The sensitivity of 0.5958549222797928 is a measure of the actual positives divided by the total positives.
The specificity of 0.9961261759822911 is a measure of the actual negative divided by the total negatives.



Question 3 (6 points) Classify a new customer with the following profile: Age = 40, Experience = 10, Income = 84, Family = 2, CCAvg = 2, Education = 2, Mortgage = 0, Securities.Account = 0, CD.Account = 0, Online = 1, CreditCard = 1. Make sure that the column order for dataframe describing the new customer matches the column order in the training set.

In [8]:
new_customer_df = pd.DataFrame(
    [[40, 10, 84, 2, 2, 2, 0, 0, 0, 1, 1]],
    columns=['Age', 'Experience', 'Income', 'Family', 'CCAvg', 'Education', 'Mortgage', 'Securities Account', 
             'CD Account', 'Online', 'CreditCard'])
new_customer_df

Unnamed: 0,Age,Experience,Income,Family,CCAvg,Education,Mortgage,Securities Account,CD Account,Online,CreditCard
0,40,10,84,2,2,2,0,0,0,1,1


In [9]:
new_train_X = scaler.transform(new_customer_df[predictors])

  """Entry point for launching an IPython kernel.


In [10]:
print("The predicted class for the new customer is %s." % knn.predict(new_customer_df), "\n")
print("The class probabilities are %s." % knn.predict_proba(new_customer_df), "\n")

The predicted class for the new customer is [1]. 

The class probabilities are [[0.2 0.8]]. 



### Points: 22/23

### Comment: Your answers for Q1 and Q2 are absolutely correct! 

### For Q3, your answer for predicted class differs from the model answers.
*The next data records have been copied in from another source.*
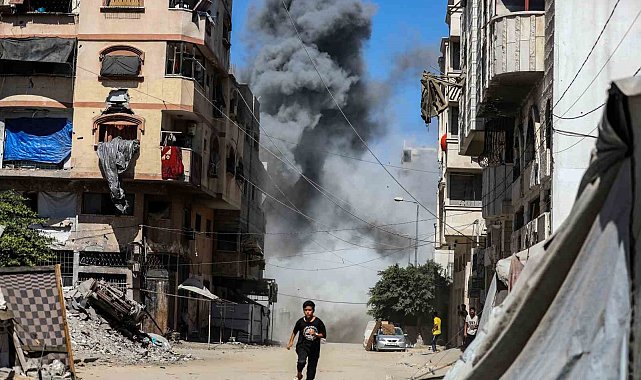 İsrail, Gazze'de yerinden edilmiş Filistinlileri hedef aldı: 62 ölü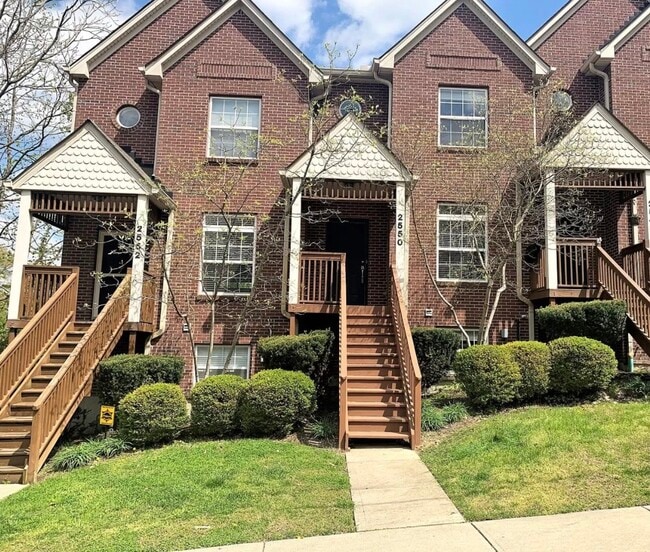 Building Photo - 2550 Cleinview Ave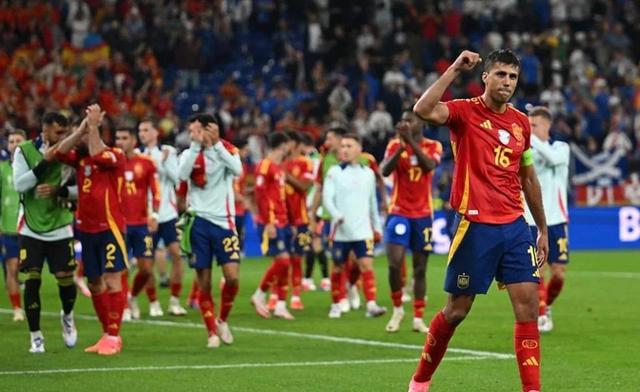 半岛体育视频-欧洲杯四强诞生，巨星齐聚半决赛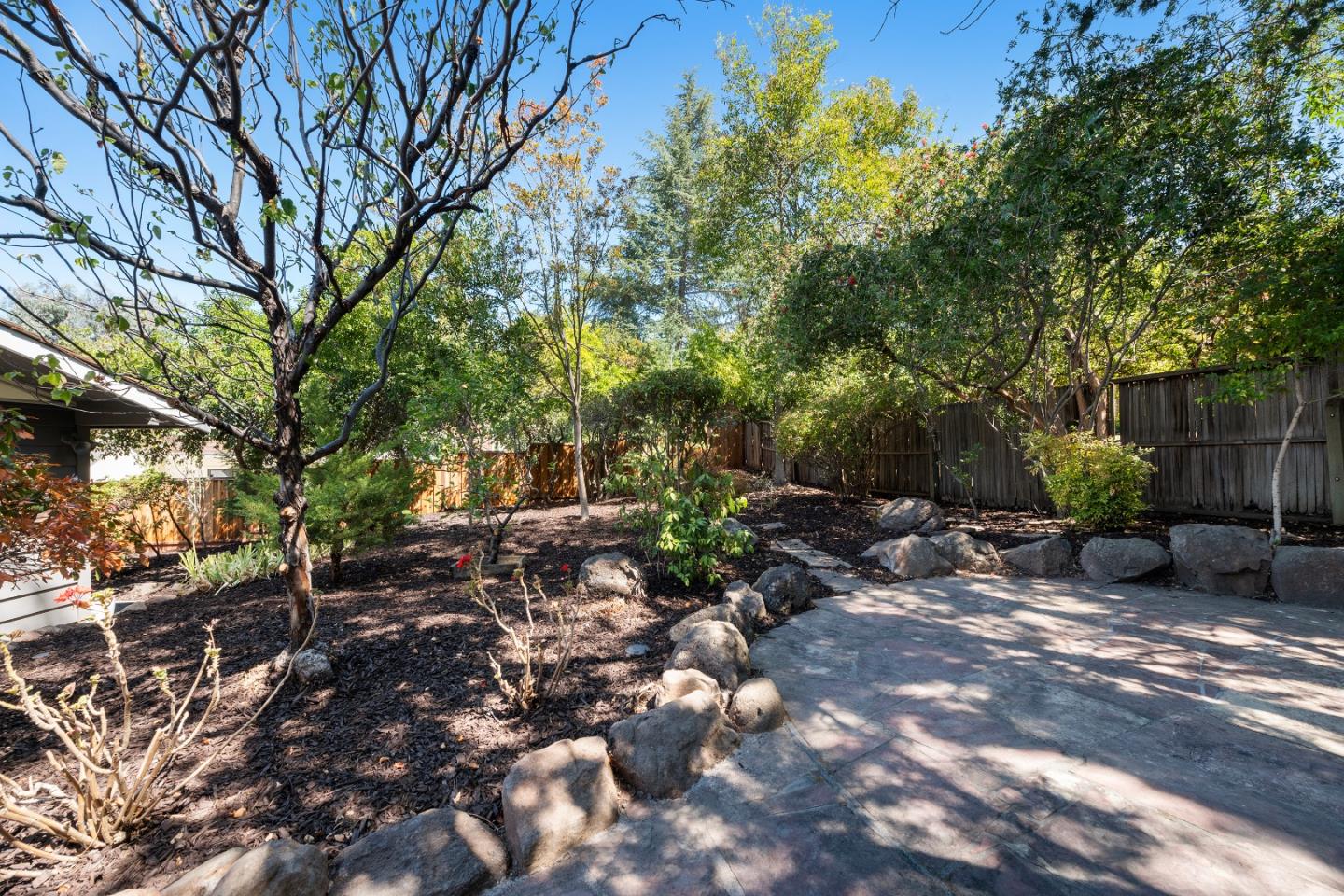 2319 Warner Range Avenue Menlo Park, CA 94025 - Photo 26 of 28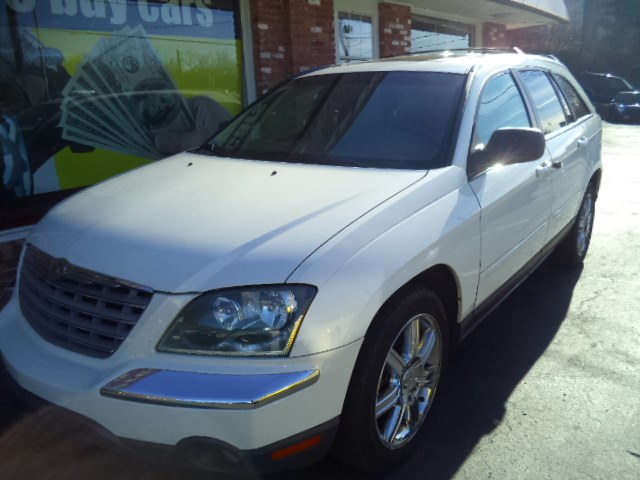 2006 Chrysler Pacifica 4dr Wgn Touring AWD, available for sale in Naugatuck, Connecticut | Riverside Motorcars, LLC. Naugatuck, Connecticut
I can see that you have correctly used new_train_X = scaler.transform(new_customer_df[predictors]) however while obtaining predicted class and predicted class probabilities you have used new_customer_df instead of new_train_X.

### By changing new_customer_df by new_train_X the answers match with the model answers.